I often complain about movies having too much exposition but Echopraxia has the opposite problem with it comes to describing what actually happens in the novel. It’s bad enough that Brüks has so little information to work with, but even when he does manage to make leaps of insight, he often doesn’t share those with the reader. Watts take such a perverse delight in obfuscating matters that it can be hard to understand even action scenes that unfold right in front of Brüks’ eyes. After extensively reading discussions on the novel including a very informative AMA that Watts held on Reddit, I’m pretty sure that I now understand everything that the author intended to be understood. But I don’t agree that a reasonable reader could get all that from just the text.

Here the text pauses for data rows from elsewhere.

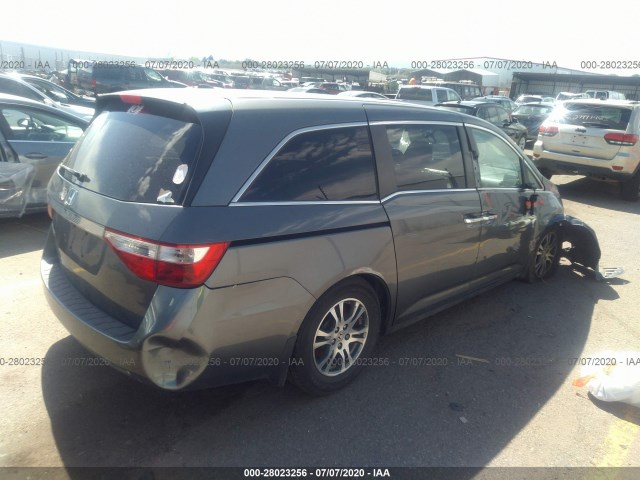 Photo 3 VIN: 5FNRL5H61CB133635 - HONDA ODYSSEY 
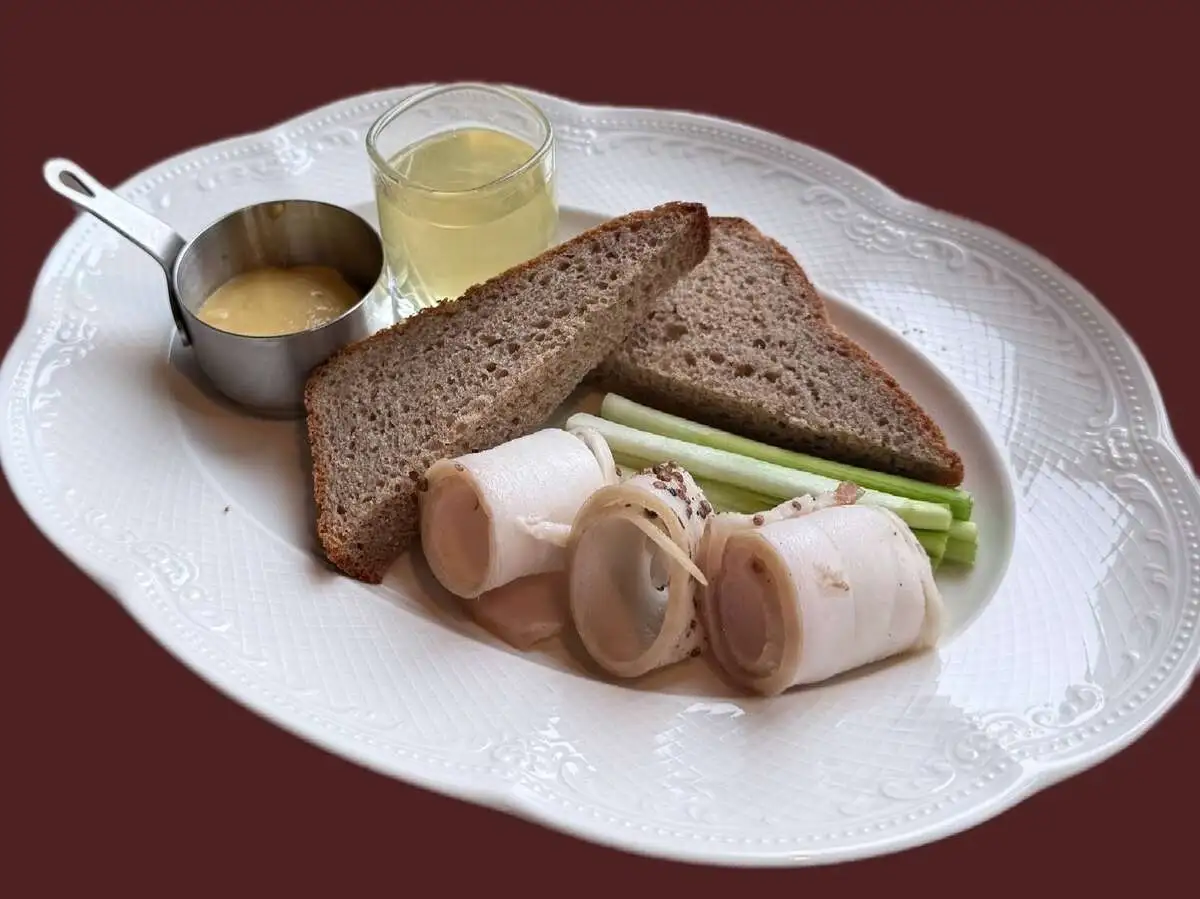 Сет "Закуска"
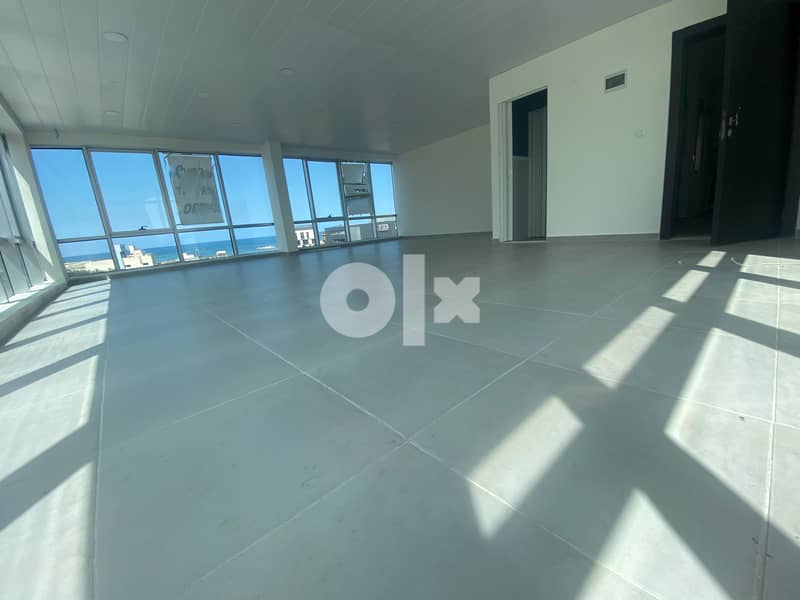 Great Office Space On Zalka Highwayمكتب للايجار في الزلقا 5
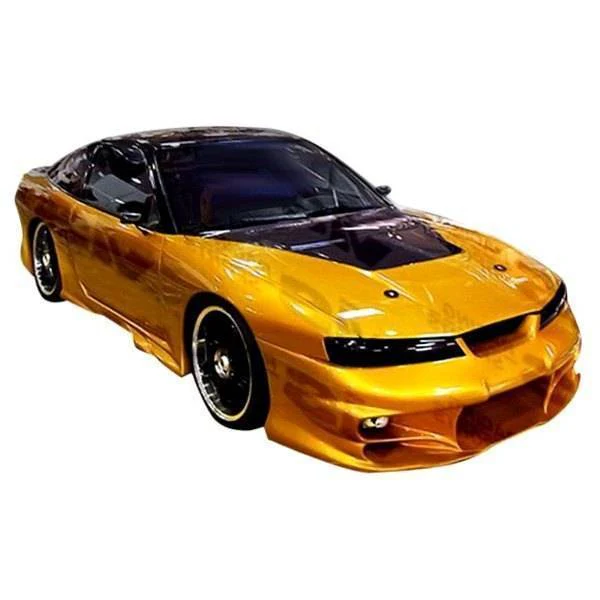 1999-2002 Nissan S15 2Dr Invader Front Bumper
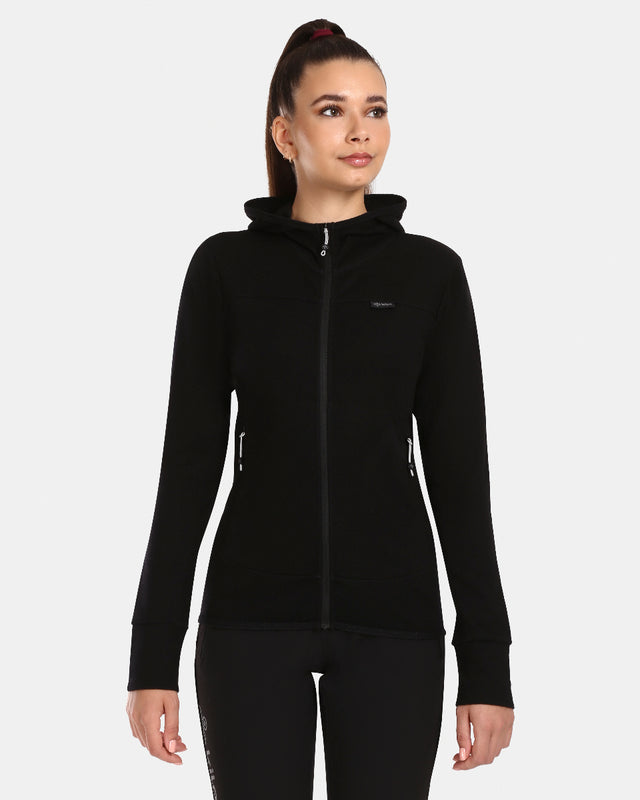 Pull en laine mérinos pour femme Kilpi WOLIE-W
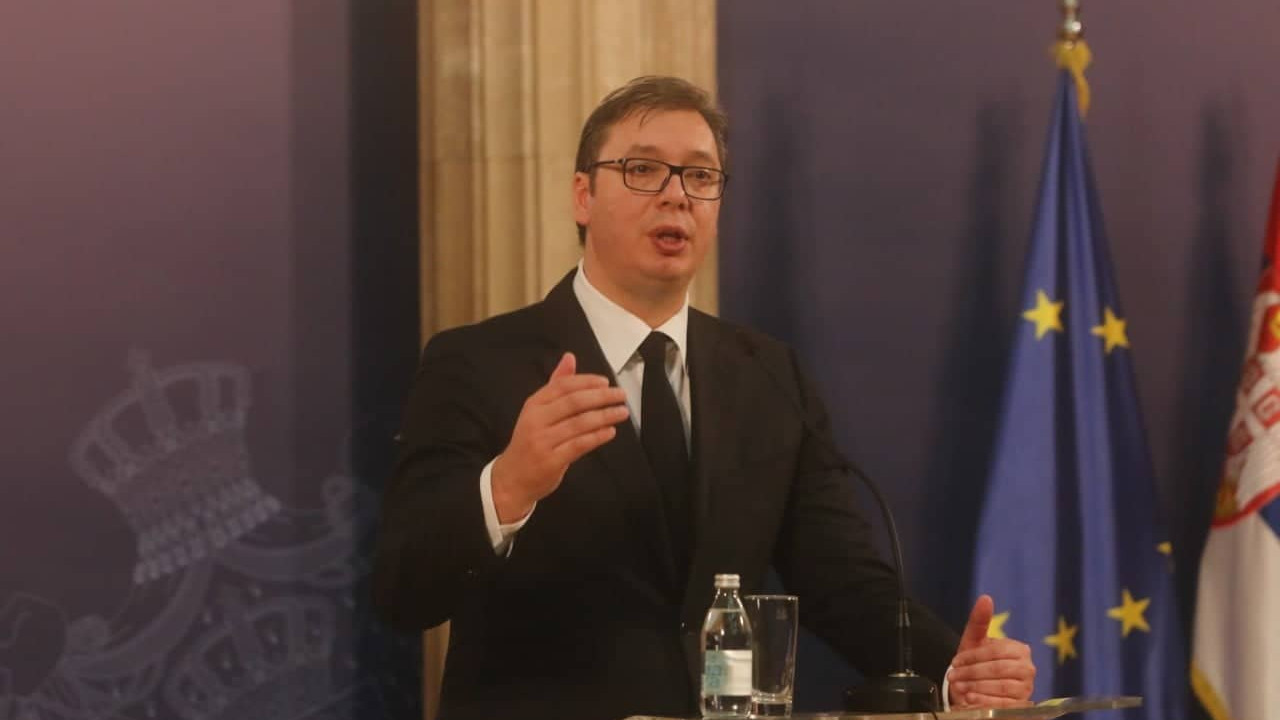 Aleksandar Vučić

I do admit that Watts has certainly mined deeply into the scientific literature for plenty of cool ideas. The bibliography at the end of the book makes for a fantastic resource and I found it more valuable than the novel itself. It’s just that citing a stream of these discoveries and insight don’t automatically make for a good story. Structurally, the novel consists mainly of Brüks being passive and powerless to contribute much of anything while other characters drop by to explain things to him only to die off shortly after. All these ideas are poorly integrated into the plot and with the point of view character being such a bystander to the action, it makes the novel feel boring. If the really interesting things are happening one level above Brüks, shouldn’t one of these characters be the protagonist instead, even if he or she can’t offer the perspective of a baseline human?
Another really annoying thing is that Brüks spends a lot of time being terrified by Valerie. Watts seems to enjoy hyping up the vampires’ prowess so much that it feels like wanking sometimes. It’s cool that the vampires are so intelligent that they can cooperate without needing to communicate with each other. But at some point, one wonders why they ever went extinct if they so much better than regular humans in every way. I also find it odd that after describing the non-conscious intelligences as coolly effective and free from emotions in the first novel, the end of this novel seems to humanize them again. Valerie actually seems to yearn for and enjoy the company of an intelligent being comparable to or exceeding her own. Why would a non-conscious super-predator have such feelings?
One reader commented that Echopraxia is so bad that it retroactively ruined Blindsight. I wouldn’t go that far but I would like to point out that I had a lot of questions about the first novel which was why I spent a lot of time looking for discussions about it on the Internet. I felt that Watts must have some kind of grand plan and some clever reason for introducing some of the ambiguities and even contradictions, it’s just that I wasn’t smart enough to catch his meaning. After reading this, I now think that a lot of that was just Watts throwing lots of ideas at the wall and seeing what sticks. Due to the strength and originality of its central premise plus how exciting its first contact scenario is, Blindsight was a great success. Not only is the main idea in Echopraxia much less original, it isn’t even much of a sci-fi adventure. That’s why it’s just a mediocre novel.